Dallas Architecture & Landmarks
As a booming corporate capital, Dallas has long been a showcase for important architecture, starting with the construction of the Old Red Courthouse in the late 1800s that signaled the creation of a justice system to move beyond the area's Wild West days.
In 1912, the city's Adolphus Hotel, with its ornate Edwardian Baroque style, would capture the attention of Dallas visitors just as it continues to do today.
The 1930s brought Art Deco architecture to Dallas, and today the city is home to Fair Park (1300 Robert B. Cullum Blvd). Its 277 acres of the country's largest collection of 1930s Art Deco architecture at one site and a favorite spot for visitors to stroll from museum to museum and admire the stylish exteriors.
Along with architectural styles, Dallas also showcases the works of some of the country's best-known architectural names: Frank Lloyd Wright, I.M. Pei, and Philip Johnson, each creating unique facilities.
Insider's Guide: The Best of Architecture & Landmarks in Dallas
A 68-second ride sweeps you up 55 stories to the top of the symbol of Dallas: the soaring Reunion Tower (300 Reunion Blvd), a column topped by a geodesic and glass dome complete with an observation tower, restaurant, and lounge. Although one of the most recognized landmarks in the metro area, it's joined by a host of other notable buildings ranging from historic to modern.
The internationally known I.M. Pei, famous for his addition of the Louvre's pyramid, has created several projects in downtown Dallas. One of the most notable is the Morton H. Meyerson Symphony Center (2301 Flora St), built in 1989 as the permanent home of the Dallas Symphony Orchestra. The building is the only symphony center designed by Pei.

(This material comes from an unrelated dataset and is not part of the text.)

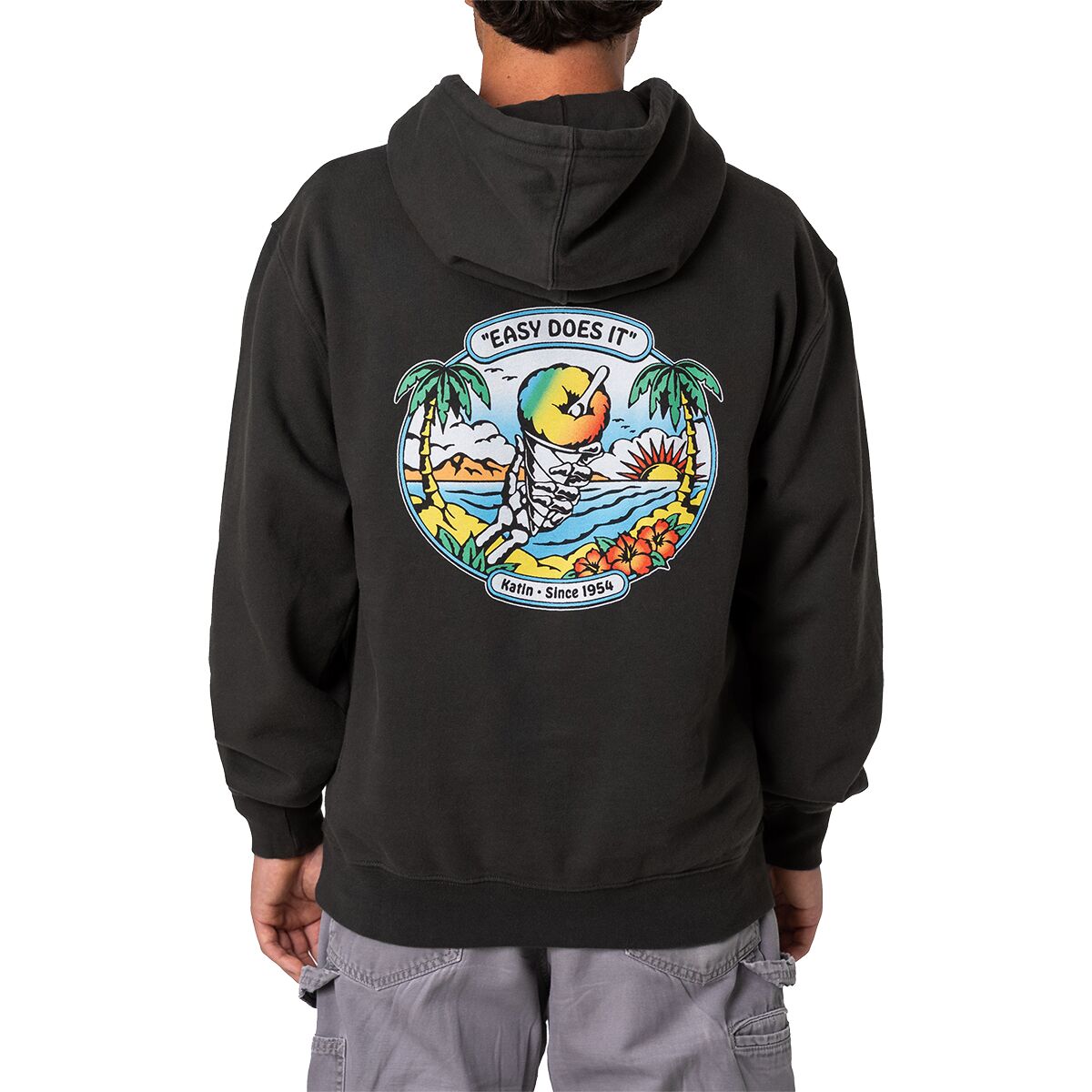Katin Katin Chillin Hoodie - Men's Black Wash, L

The architect's Dallas City Hall (1500 Marilla St), noteworthy for its cantilevered facade, is a modern landmark. Another Pei landmark is downtown's Fountain Place (1445 Ross Ave), a green glass tower that rises from a base of waterfalls and fountains, considered to be one of the world's most complex computer-driven water spray works.
Other must-see places in the area include the Kalita Humphreys Theater (3636 Turtle Creek) designed by Frank Lloyd Wright, one of only three theaters designed by the famous architect.
Philip Johnson's work also plays a prominent role in the area, from Dallas's peaceful Thanks-Giving Square (1627 Pacific Ave), known for its cascading fountains and interfaith chapel inspired by an Iraqi minaret, to Fort Worth's Amon Carter Museum (7501 Camp Bowie Blvd) and the Fort Worth Water Gardens (1502 Commerce St), a cascade of water down terraced steps.